Posterior probability distribution

The posterior probability distribution for the location of the flight recorders from flight AF447. The red areas were those calculated to be the most likely locations and were, indeed, where the recorders were located in April 2011.

When Keller and her colleagues analysed the evidence from this search, they were careful to include all the different possibilities, including that the acoustic search missed finding the black box. "In the trade, this is known as extending the conversation," says Spiegelhalter. "It can be quite difficult to understand the probability of missing something, given it's there. So you need to decompose it into intermediate events." In the case of the search for AF447, this meant considering the possibility that both of the two beacons in the recorder may have been destroyed in the crash. Although this seemed very unlikely (they calculated that each beacon had an 80% chance of surviving the crash), the small probability that both beacons had failed drastically changed the posterior probabilities.

"It's a good example of Cromwell's Rule," says Spiegelhalter, referring to the Cromwell's appeal to the Church of Scotland in 1650 to "think it possible you might be mistaken". And this is the real strength of the Bayesian approach. Not only does it allow you to cumulatively integrate your evidence. It also stops you taking too much notice of a single piece of evidence. "Humans find that unbelievably difficult to do. We are too influenced by single events and single narratives." A single big piece of evidence, such as not finding the recorder in an area searched thoroughly while the beacons should still have been operating, clouds our judgement. "Lots of small pieces of evidence can outweigh one big piece, particularly if that big piece may be wrong."

The final posterior probability distribution calculated by Keller and her colleagues said it was most likely the flight recorder would be found in the area close to the last known position of the plane, the same area essentially ruled out by early searches. And indeed, just a week after the search of this area began in 2011, the recorder was found and the reasons for the crash uncovered.

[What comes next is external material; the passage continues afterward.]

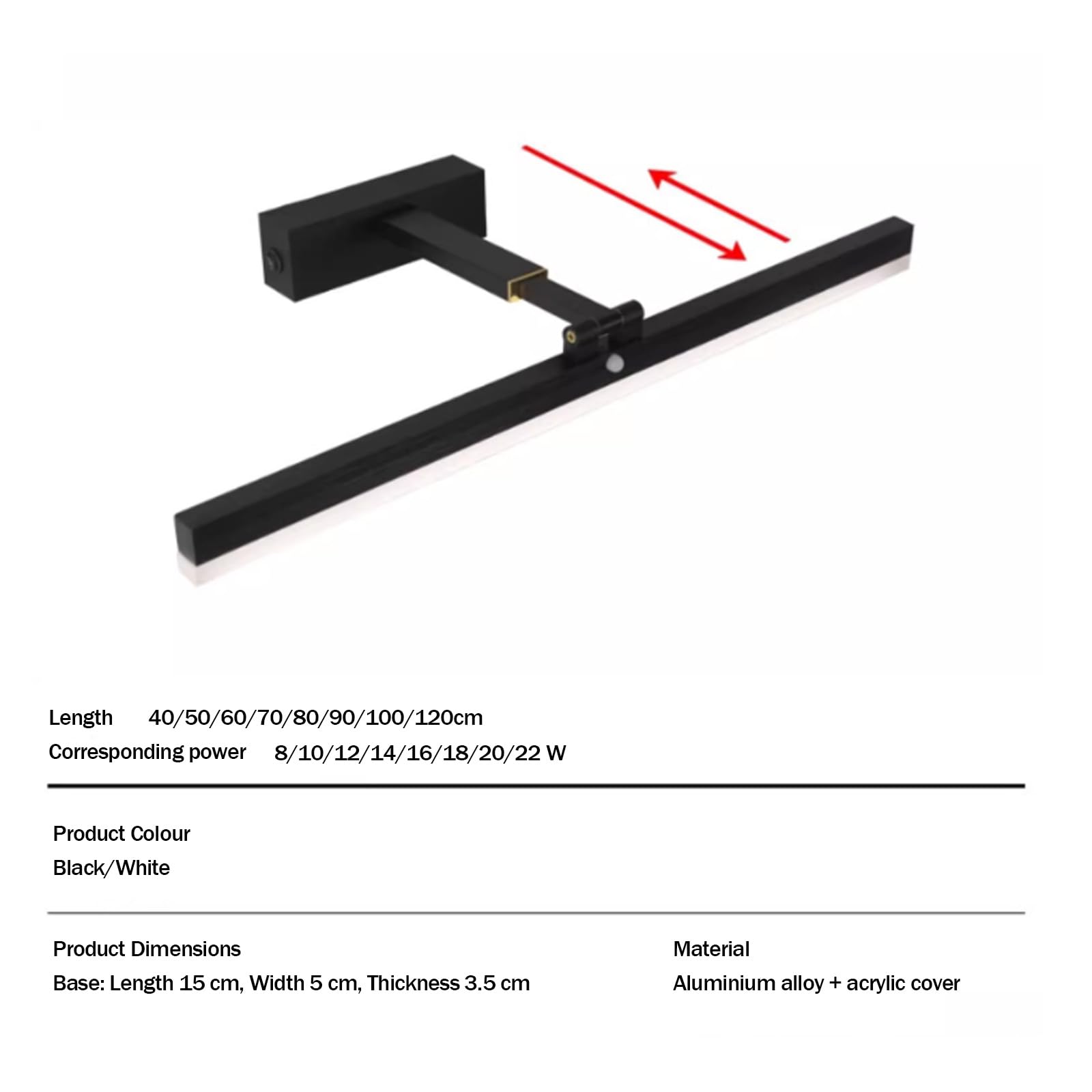 Kinkiet LED do łazienki z czujnikiem ruchu 120 stopni, akrylowy, aluminiowy, minimalistyczny, długi kinkiet, nowoczesna dekoracja lustrzana do salonu, sypialni i kuchni, czar,Black White Light-80cm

Bayesian searching is now a standard tool in many different areas, including oil exploration as well as search operations. And the new analysis by Inmarsat adds to the tool kit of techniques that can be called upon by future search operations. Mathematical and statistical analyses are of course, far from the minds of the relatives of the passengers and crew of these missing planes. But such analyses could yield the vital clue for solving the riddles of what happens to their loved ones. It is encouraging that such technical analysis is already contributing to the hunt for the missing flight MH370, and we hope that the relatives have the answers they need very soon.